[alsa-devel] [PATCH] ASoC: Tegra: Add support of tegra boards based on ALC5632 codec

Mark Brown broonie at opensource.wolfsonmicro.com
Wed Nov 23 22:58:44 CET 2011


On Wed, Nov 23, 2011 at 01:50:39PM -0800, Stephen Warren wrote:
> Leon Romanovsky wrote at Monday, November 21, 2011 1:08 PM:

> > +	switch (srate) {
> > +	case 64000:
> > +	case 88200:
> > +	case 96000:
> > +		mclk = 128 * srate;
> > +		break;
> > +	default:
> > +		mclk = 512 * srate;
> > +		break;
> > +	}
> > +	/* FIXME: Codec only requires >= 3MHz if OSR==0 */
> > +	while (mclk < 6000000)
> > +		mclk *= 2;

> That is identical to the code in tegra_wm8903. Are you sure it's correct
> for the ALC5632? At the very least, I think the comment is wrong; OSR is
> a WM8903 register field, which I doubt exists on the ALC5632.

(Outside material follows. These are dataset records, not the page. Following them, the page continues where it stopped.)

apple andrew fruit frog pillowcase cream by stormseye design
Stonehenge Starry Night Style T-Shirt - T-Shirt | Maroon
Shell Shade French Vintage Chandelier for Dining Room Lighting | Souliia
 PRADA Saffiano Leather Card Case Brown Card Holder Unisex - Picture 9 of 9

I wouldn't be surprised if it were actually - the requirements for
CODECs are generally much of a muchness, there's good sensible DSP and
electrical engineering requirmenents for them.

> Mark Brown wrote here:
> > These should use the .dai_fmt member in the dai_link struct.

> Mark, I guess you mean that we should remove those two snd_soc_dai_set_fmt
> calls, and just set .dai_fmt to a constant value? If so, that should be
> applied to the other two Tegra machine drivers too.

Yes.

> That said, while these values are constant right now, I think they won't
> always be; I think we'll need to switch between DSP mode for mono and
> I2S mode for stereo here; at least I /think/ that's what I remember our
> downstream drivers doing...

That would be a surprising restriction for your hardware to have.  From
the CODEC point of view it really doesn't care at all, all the interface
formats are interchangable.

> > +static struct snd_soc_jack_gpio tegra_alc5632_hs_jack_gpios[] = {
> > +	{

...

> Do you need to call something in the ALC5632 codec driver here to start
> mic detection? The tegra_wm8903 driver calls wm8903_mic_detect() here.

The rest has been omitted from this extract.